Action item: The lines in the listing below are to be given again exactly, starting at the line holding "4237 Wn - Photo 2 of 28" and ending at the line holding "Image de 10-3". Do not include pictures.

Extracted information:
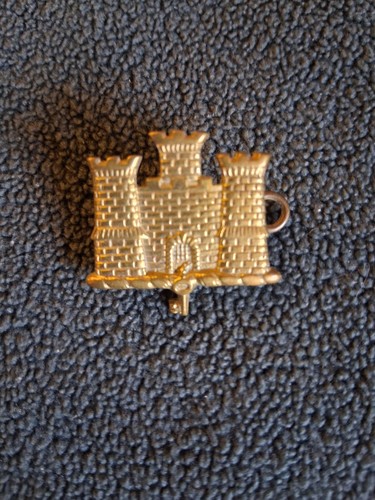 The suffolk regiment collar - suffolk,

---

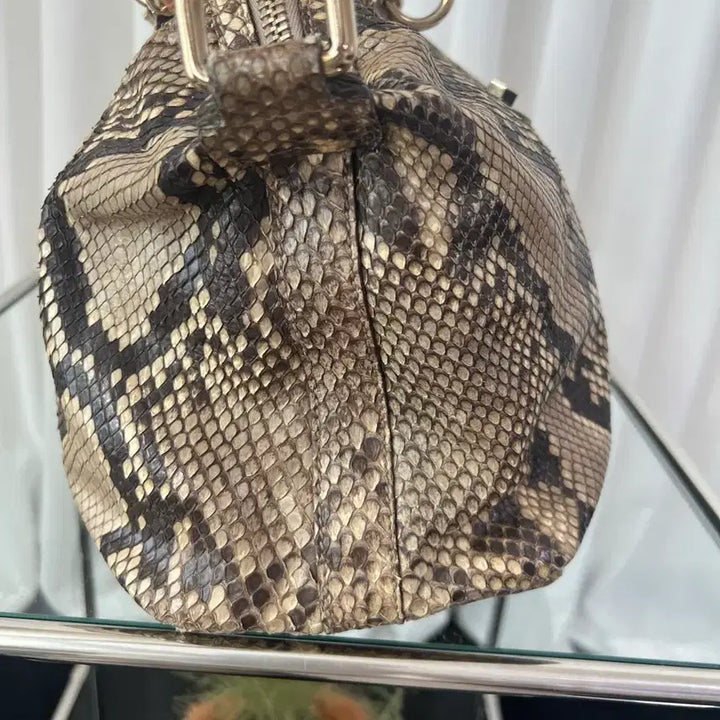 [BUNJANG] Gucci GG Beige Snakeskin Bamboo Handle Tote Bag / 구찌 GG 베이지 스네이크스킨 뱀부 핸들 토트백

...

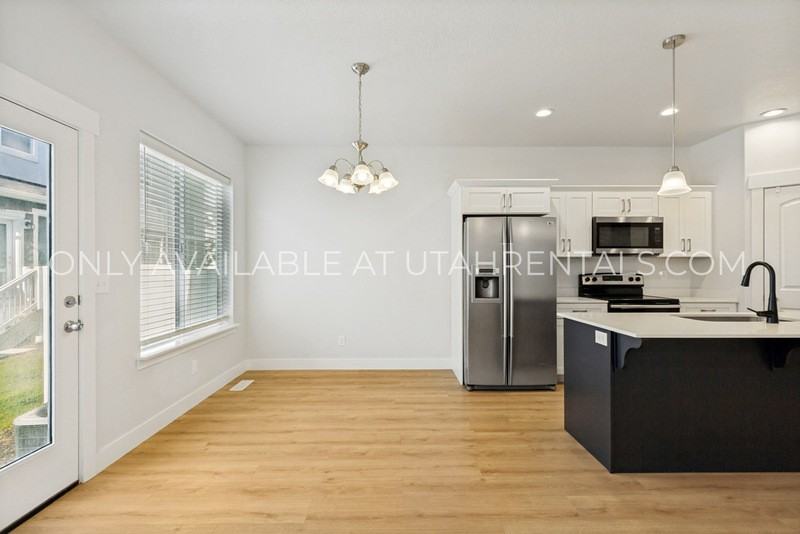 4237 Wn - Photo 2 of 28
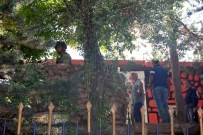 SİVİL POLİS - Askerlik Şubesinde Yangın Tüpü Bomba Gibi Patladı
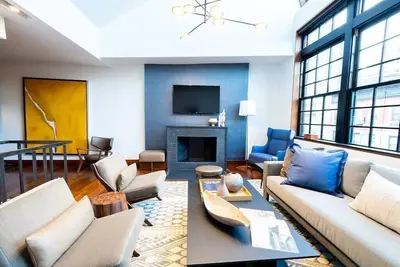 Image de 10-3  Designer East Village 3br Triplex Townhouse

Task output:
 4237 Wn - Photo 2 of 28
 SİVİL POLİS - Askerlik Şubesinde Yangın Tüpü Bomba Gibi Patladı
 Image de 10-3  Designer East Village 3br Triplex Townhouse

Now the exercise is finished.